◆ What is being asked:
Write the entries out again. Each one must match exactly.
────────────────────────────────────────
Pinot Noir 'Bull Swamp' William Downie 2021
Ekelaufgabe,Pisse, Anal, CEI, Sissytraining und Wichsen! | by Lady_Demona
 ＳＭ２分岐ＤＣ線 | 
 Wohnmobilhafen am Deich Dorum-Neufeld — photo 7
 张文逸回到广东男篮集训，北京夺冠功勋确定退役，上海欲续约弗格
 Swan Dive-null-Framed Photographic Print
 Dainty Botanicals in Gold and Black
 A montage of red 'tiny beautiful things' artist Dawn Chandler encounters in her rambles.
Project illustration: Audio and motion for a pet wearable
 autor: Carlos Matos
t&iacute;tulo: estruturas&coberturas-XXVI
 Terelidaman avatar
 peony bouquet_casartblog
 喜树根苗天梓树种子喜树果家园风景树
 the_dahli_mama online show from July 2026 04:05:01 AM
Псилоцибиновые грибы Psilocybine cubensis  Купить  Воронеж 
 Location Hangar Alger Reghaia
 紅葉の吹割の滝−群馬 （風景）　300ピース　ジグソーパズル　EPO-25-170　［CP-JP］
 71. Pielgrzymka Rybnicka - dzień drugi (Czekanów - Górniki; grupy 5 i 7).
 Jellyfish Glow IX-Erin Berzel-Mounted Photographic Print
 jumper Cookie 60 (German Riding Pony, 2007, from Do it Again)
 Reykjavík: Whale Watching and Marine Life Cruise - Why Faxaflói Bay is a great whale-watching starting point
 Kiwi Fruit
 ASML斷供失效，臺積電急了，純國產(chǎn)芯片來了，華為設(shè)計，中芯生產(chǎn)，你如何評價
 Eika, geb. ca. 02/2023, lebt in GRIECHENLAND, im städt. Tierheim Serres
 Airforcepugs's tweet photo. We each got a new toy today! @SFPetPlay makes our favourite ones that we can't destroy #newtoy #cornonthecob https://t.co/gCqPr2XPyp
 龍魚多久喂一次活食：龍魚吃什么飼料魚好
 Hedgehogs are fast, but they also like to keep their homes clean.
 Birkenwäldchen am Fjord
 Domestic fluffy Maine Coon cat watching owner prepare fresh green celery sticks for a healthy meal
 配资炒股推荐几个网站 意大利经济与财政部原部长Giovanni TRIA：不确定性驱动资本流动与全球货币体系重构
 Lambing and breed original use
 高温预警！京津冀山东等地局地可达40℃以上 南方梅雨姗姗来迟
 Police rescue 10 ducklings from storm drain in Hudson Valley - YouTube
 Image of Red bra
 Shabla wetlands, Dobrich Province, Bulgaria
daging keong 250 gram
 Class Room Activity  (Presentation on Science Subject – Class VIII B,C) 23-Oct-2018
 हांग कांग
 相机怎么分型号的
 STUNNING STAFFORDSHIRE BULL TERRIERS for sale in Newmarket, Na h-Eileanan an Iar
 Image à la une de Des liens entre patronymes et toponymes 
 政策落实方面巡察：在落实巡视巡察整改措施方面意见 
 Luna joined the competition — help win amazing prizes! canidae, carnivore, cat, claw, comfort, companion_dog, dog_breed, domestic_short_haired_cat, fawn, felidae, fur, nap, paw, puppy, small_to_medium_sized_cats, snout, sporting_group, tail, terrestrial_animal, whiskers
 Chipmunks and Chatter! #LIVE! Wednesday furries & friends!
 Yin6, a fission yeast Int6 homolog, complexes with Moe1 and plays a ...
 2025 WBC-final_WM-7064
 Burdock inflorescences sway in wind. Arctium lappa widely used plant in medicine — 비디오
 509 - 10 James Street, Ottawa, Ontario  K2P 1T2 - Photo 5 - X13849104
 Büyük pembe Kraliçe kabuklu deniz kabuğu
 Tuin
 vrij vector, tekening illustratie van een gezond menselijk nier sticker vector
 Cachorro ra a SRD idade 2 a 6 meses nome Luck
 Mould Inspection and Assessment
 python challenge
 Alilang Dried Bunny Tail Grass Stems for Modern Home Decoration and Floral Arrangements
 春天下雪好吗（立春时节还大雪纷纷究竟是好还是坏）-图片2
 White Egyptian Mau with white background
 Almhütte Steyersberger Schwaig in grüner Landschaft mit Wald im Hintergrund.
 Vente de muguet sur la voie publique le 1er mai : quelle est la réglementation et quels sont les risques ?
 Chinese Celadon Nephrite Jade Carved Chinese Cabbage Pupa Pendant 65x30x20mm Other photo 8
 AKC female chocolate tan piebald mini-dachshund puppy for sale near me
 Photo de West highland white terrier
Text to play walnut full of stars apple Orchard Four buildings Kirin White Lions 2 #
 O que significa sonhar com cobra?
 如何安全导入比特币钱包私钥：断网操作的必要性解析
────────────────────────────────────────
◆ Response for this exercise:
Pinot Noir 'Bull Swamp' William Downie 2021
Ekelaufgabe,Pisse, Anal, CEI, Sissytraining und Wichsen! | by Lady_Demona
 ＳＭ２分岐ＤＣ線 | 
 Wohnmobilhafen am Deich Dorum-Neufeld — photo 7
 张文逸回到广东男篮集训，北京夺冠功勋确定退役，上海欲续约弗格
 Swan Dive-null-Framed Photographic Print
 Dainty Botanicals in Gold and Black
 A montage of red 'tiny beautiful things' artist Dawn Chandler encounters in her rambles.
Project illustration: Audio and motion for a pet wearable
 autor: Carlos Matos
t&iacute;tulo: estruturas&coberturas-XXVI
 Terelidaman avatar
 peony bouquet_casartblog
 喜树根苗天梓树种子喜树果家园风景树
 the_dahli_mama online show from July 2026 04:05:01 AM
Псилоцибиновые грибы Psilocybine cubensis  Купить  Воронеж 
 Location Hangar Alger Reghaia
 紅葉の吹割の滝−群馬 （風景）　300ピース　ジグソーパズル　EPO-25-170　［CP-JP］
 71. Pielgrzymka Rybnicka - dzień drugi (Czekanów - Górniki; grupy 5 i 7).
 Jellyfish Glow IX-Erin Berzel-Mounted Photographic Print
 jumper Cookie 60 (German Riding Pony, 2007, from Do it Again)
 Reykjavík: Whale Watching and Marine Life Cruise - Why Faxaflói Bay is a great whale-watching starting point
 Kiwi Fruit
 ASML斷供失效，臺積電急了，純國產(chǎn)芯片來了，華為設(shè)計，中芯生產(chǎn)，你如何評價
 Eika, geb. ca. 02/2023, lebt in GRIECHENLAND, im städt. Tierheim Serres
 Airforcepugs's tweet photo. We each got a new toy today! @SFPetPlay makes our favourite ones that we can't destroy #newtoy #cornonthecob https://t.co/gCqPr2XPyp
 龍魚多久喂一次活食：龍魚吃什么飼料魚好
 Hedgehogs are fast, but they also like to keep their homes clean.
 Birkenwäldchen am Fjord
 Domestic fluffy Maine Coon cat watching owner prepare fresh green celery sticks for a healthy meal
 配资炒股推荐几个网站 意大利经济与财政部原部长Giovanni TRIA：不确定性驱动资本流动与全球货币体系重构
 Lambing and breed original use
 高温预警！京津冀山东等地局地可达40℃以上 南方梅雨姗姗来迟
 Police rescue 10 ducklings from storm drain in Hudson Valley - YouTube
 Image of Red bra
 Shabla wetlands, Dobrich Province, Bulgaria
daging keong 250 gram
 Class Room Activity  (Presentation on Science Subject – Class VIII B,C) 23-Oct-2018
 हांग कांग
 相机怎么分型号的
 STUNNING STAFFORDSHIRE BULL TERRIERS for sale in Newmarket, Na h-Eileanan an Iar
 Image à la une de Des liens entre patronymes et toponymes 
 政策落实方面巡察：在落实巡视巡察整改措施方面意见 
 Luna joined the competition — help win amazing prizes! canidae, carnivore, cat, claw, comfort, companion_dog, dog_breed, domestic_short_haired_cat, fawn, felidae, fur, nap, paw, puppy, small_to_medium_sized_cats, snout, sporting_group, tail, terrestrial_animal, whiskers
 Chipmunks and Chatter! #LIVE! Wednesday furries & friends!
 Yin6, a fission yeast Int6 homolog, complexes with Moe1 and plays a ...
 2025 WBC-final_WM-7064
 Burdock inflorescences sway in wind. Arctium lappa widely used plant in medicine — 비디오
 509 - 10 James Street, Ottawa, Ontario  K2P 1T2 - Photo 5 - X13849104
 Büyük pembe Kraliçe kabuklu deniz kabuğu
 Tuin
 vrij vector, tekening illustratie van een gezond menselijk nier sticker vector
 Cachorro ra a SRD idade 2 a 6 meses nome Luck
 Mould Inspection and Assessment
 python challenge
 Alilang Dried Bunny Tail Grass Stems for Modern Home Decoration and Floral Arrangements
 春天下雪好吗（立春时节还大雪纷纷究竟是好还是坏）-图片2
 White Egyptian Mau with white background
 Almhütte Steyersberger Schwaig in grüner Landschaft mit Wald im Hintergrund.
 Vente de muguet sur la voie publique le 1er mai : quelle est la réglementation et quels sont les risques ?
 Chinese Celadon Nephrite Jade Carved Chinese Cabbage Pupa Pendant 65x30x20mm Other photo 8
 AKC female chocolate tan piebald mini-dachshund puppy for sale near me
 Photo de West highland white terrier
Text to play walnut full of stars apple Orchard Four buildings Kirin White Lions 2 #
 O que significa sonhar com cobra?
 如何安全导入比特币钱包私钥：断网操作的必要性解析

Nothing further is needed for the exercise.